Nonetheless, Ahmed held, based solely on the engineering testimony about defect – that “in this case it is certainly a ‘natural inference’ that a juror could make through human experience that Plaintiff’s . . . damages concentrated in [her] right hip – proximately resulted from the Hip Implant having failed.”  2024 WL 693078, at *17.  The “supporting” citation, to Allison v. McGhan Medical Corp., 184 F.3d 1300 (11th Cir. 1999) (applying Georgia law), is anything but supportive, since Allison specifically held that lack of medical expert testimony (after Rule 702 exclusion) was fatal and required summary judgment in that case.  Allison, 184 F.3d at 1320 (“medical expert testimony was essential to prove causation in this case”).

This result in Ahmed – that a plaintiff can get to the jury without any medical expert at all in a case involving alleged injuries from an implanted medical device – appears both unprecedented and unsupported.  Even granting plaintiffs everything their engineering expert could opine:  that the device was “defective” and therefore could fail for the design reasons so stated, nothing excludes plaintiff’s fall the day before as the medical cause of the “eccentric” positioning that led to the revision surgery and what followed.

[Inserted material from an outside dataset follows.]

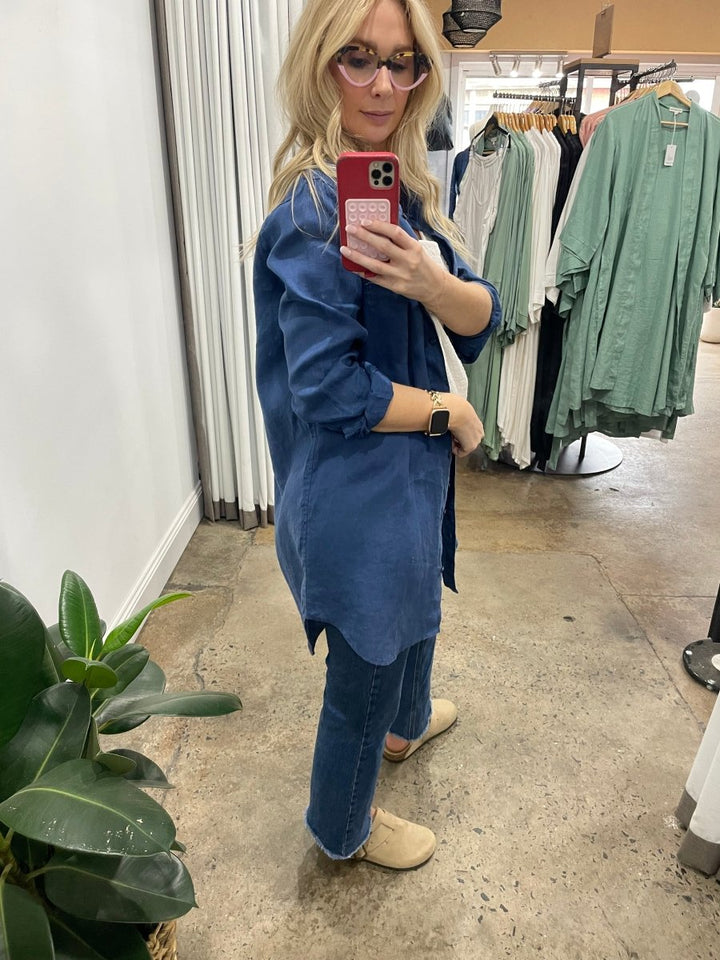 Long Linen Shirt in Navy - Shirt
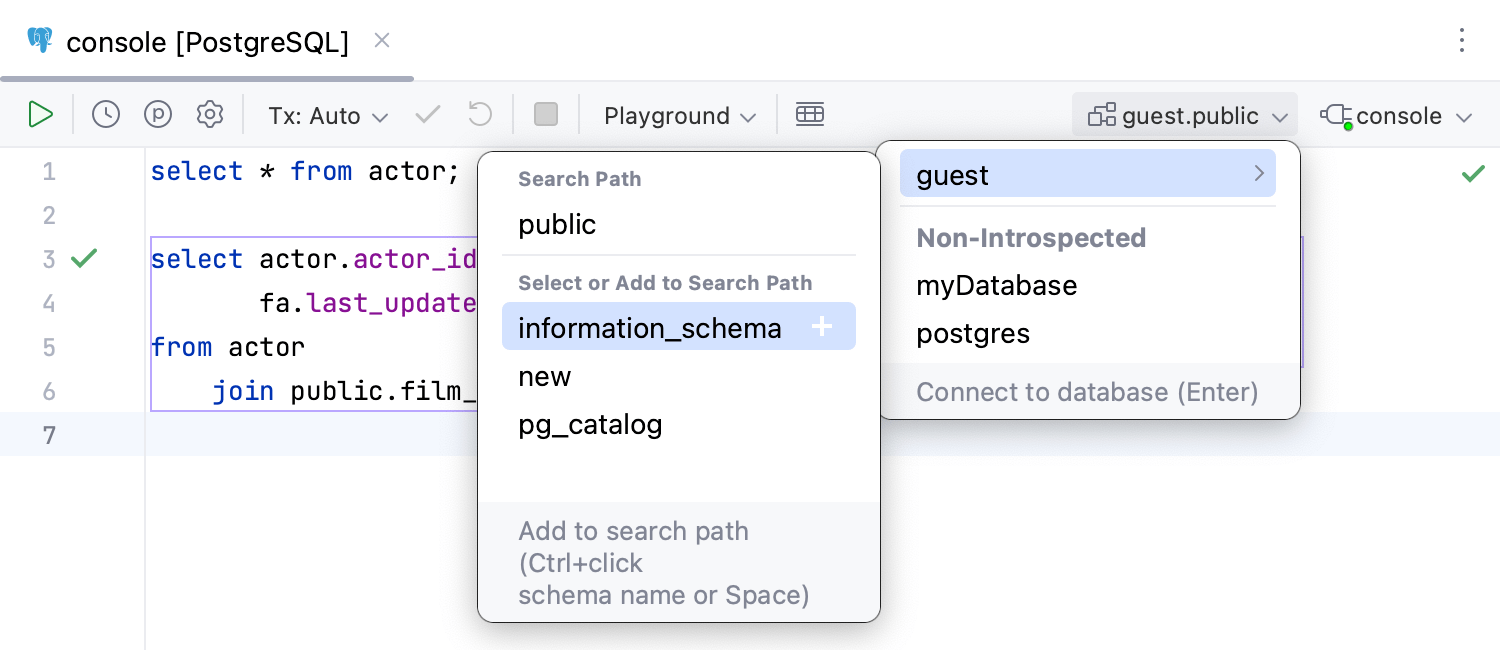 postgres datagrip parameter query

Aside from that huge error, however, not all of Ahmed was horrible.  Specifically, another aspect of the plaintiff’s same engineering expert’s testimony, concerning purported alternative designs, was excluded because none of them actually existed and had actually been tested for feasibility.  This was not a case where either the defendant, or a competitor, had brought any of the supposed alternatives to market.  Ahmed, 2024 WL 693078, at *9 (expert “was unable to reliably point to any specific competitor design”).  Given the lack of real world experience with the claimed alternatives, testing was a necessary part of the basis for that opinion:

[The expert] is excluded from testifying at trial regarding any alternative design proposals that may have been available to Defendants in manufacturing the allegedly defective [device].  It appears from the [record] that he merely conceptualized possibilities when suggesting changes to the [device design], which are an insufficiently reliable basis for proposing alternative designs.

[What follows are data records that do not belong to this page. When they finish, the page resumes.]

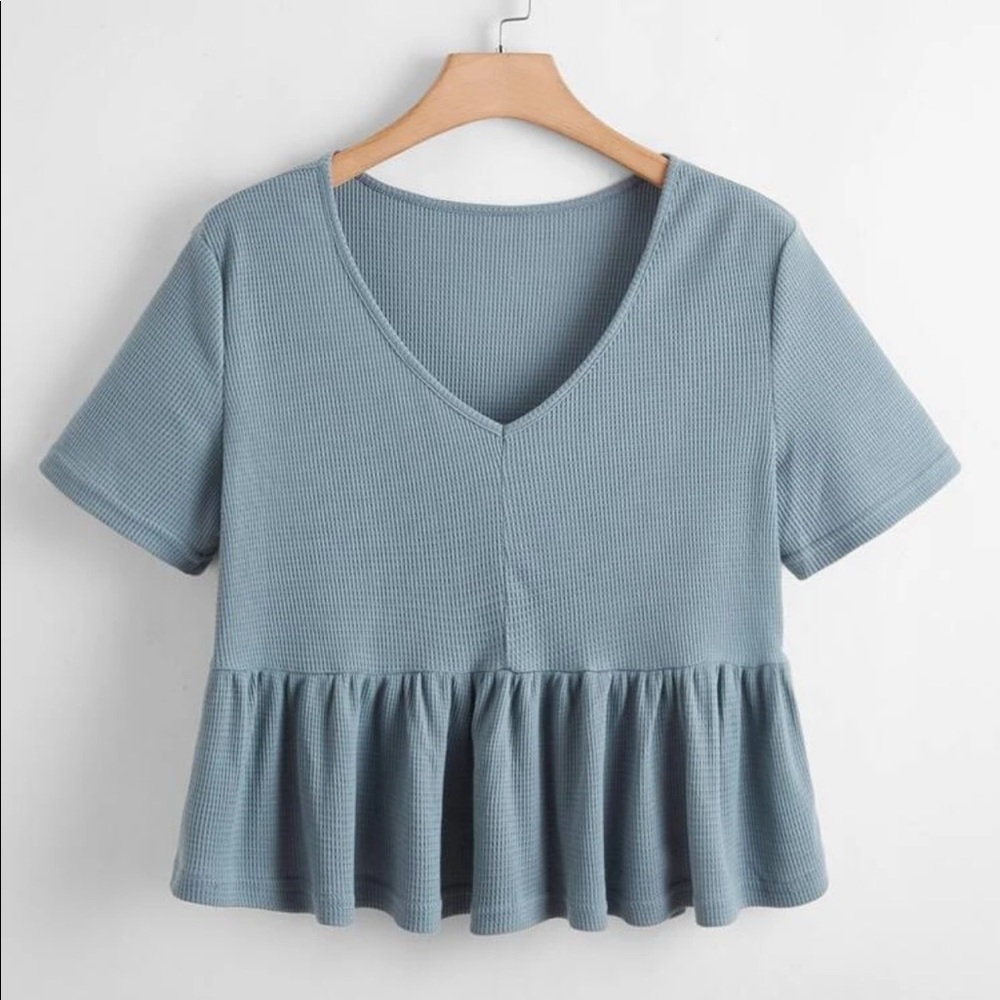 SHEIN Ruffle Hem Tee - 1X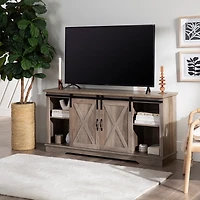 Sliding Barn Door Open Shelf Gray Wash TV Stand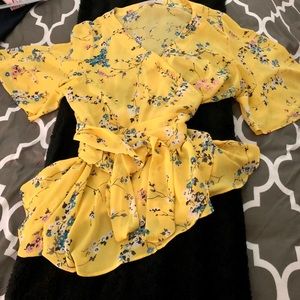 Loft Peplum Flutter Sleeve Blouse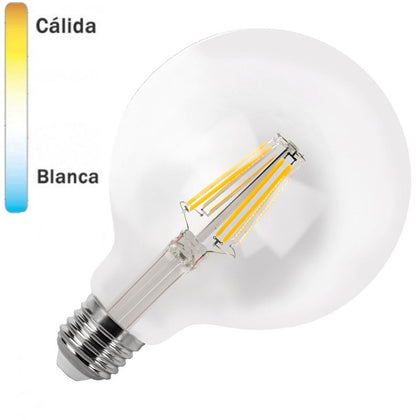 Bombilla LED E27 Globo G95mm Filamento Transparente 8W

Id. (citations and quotation marks omitted).  “[A]pplicable case law suggests that the failure to test a proposed alternative design or cite another’s testing of the design is fatal to the admissibility of said testimony.”  Id.  Plaintiff’s failure to establish any alternative design required dismissal of both plaintiff’s AEMLD and negligent design claims, for which an alternative design is an essential element.  Id. at *18.

That’s a nice enough secondary holding, but overall, the holding in Ahmed that a plaintiff can establish medical causation without any medical testimony was both wrong and unprecedented.